For $x>ct$ we use the initial conditions:
\begin{align}
u|_{t=0}= \phi (x)
&\implies \varphi(x)+\psi(x) = \phi(x) \\
u_t|_{t=0}= c\phi'(x)
&\implies \varphi'(x)-\psi'(x)=\phi'(x)
\end{align}
Therefore $\varphi(x)=\phi(x)$ and $\psi(x)=0$ when $x>0$. So
\begin{equation}
u(x,t) = \phi(x+ct), \quad
\text{when } x>ct
\end{equation}
For $0<x<ct$ we use the boundary condition:
\begin{align}
(u_x+\alpha u_t)|_{x=0}=0
&\implies \varphi'(ct) + \psi'(-ct)
+ \alpha c\varphi'(ct) -\alpha c\psi'(-ct) = 0 \\
&\implies \frac{1}{c}\varphi(ct) - \frac{1}{c}\psi(-ct)

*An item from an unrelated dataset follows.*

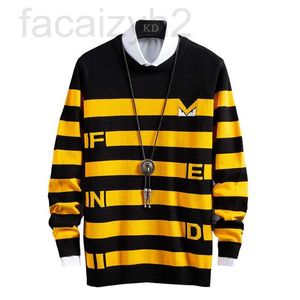 Men's Sweaters designer Fall/winter long-sleeved color-blocking sweater men's knit sweaters Korean fashion round neck cardigan 0ENU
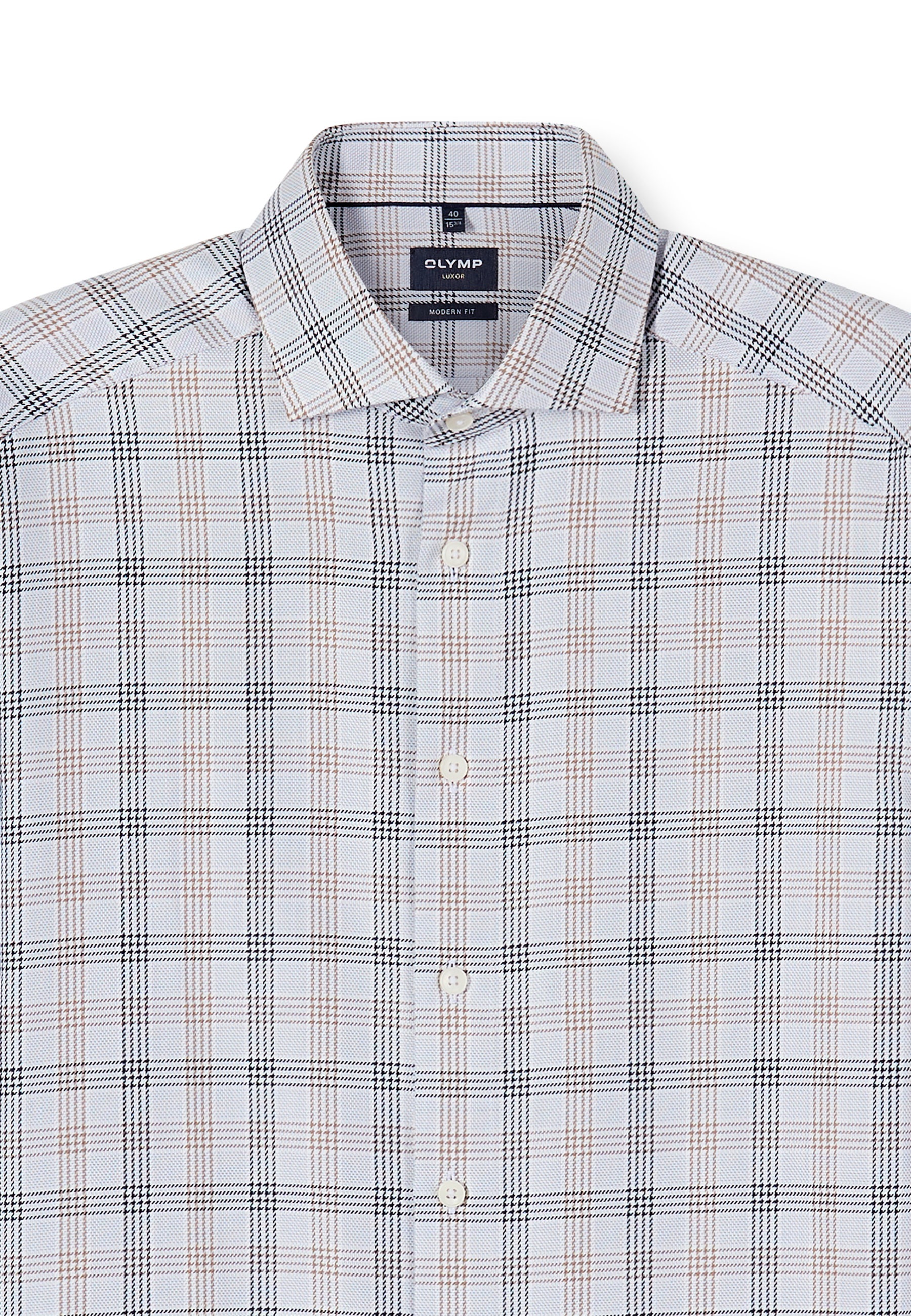 Businesshemd OLYMP "OLYMP Luxor, modern fit, Royal Kent", Herren, Gr. 43, Normaler Arm, silbergrau, 100% Baumwolle, Hemden 5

+ \alpha \varphi(ct) +\alpha\psi(-ct) = k
\end{align}
Letting $t=-\frac{x}{c}$ and rearranging yields
\begin{align}
\psi(x) &= - \left(
\frac{\alpha c + 1}{\alpha c -1} \right)
\varphi(-x) + k, \quad
\text{for } x<0 \\
&= - \left(
\frac{\alpha c + 1}{\alpha c -1} \right)
\phi(-x) + k
\end{align}
So
\begin{equation}
u(x,t) = \phi(x+ct)- \left(
\frac{\alpha c + 1}{\alpha c -1} \right)
\phi(ct-x), \quad
\text{when } 0<x<ct
\end{equation}
(we set $k=0$ so that $u$ is continuous at $x=ct$)
Therefore,
\begin{equation}
u(x,t) =
\left\{ \begin{aligned}
&\phi(x+ct), &&x>ct \\
&\phi(x+ct) - \left(
\frac{\alpha c + 1}{\alpha c -1} \right)
\phi(ct-x), &&0<x<ct
\end{aligned}
\right.
\end{equation}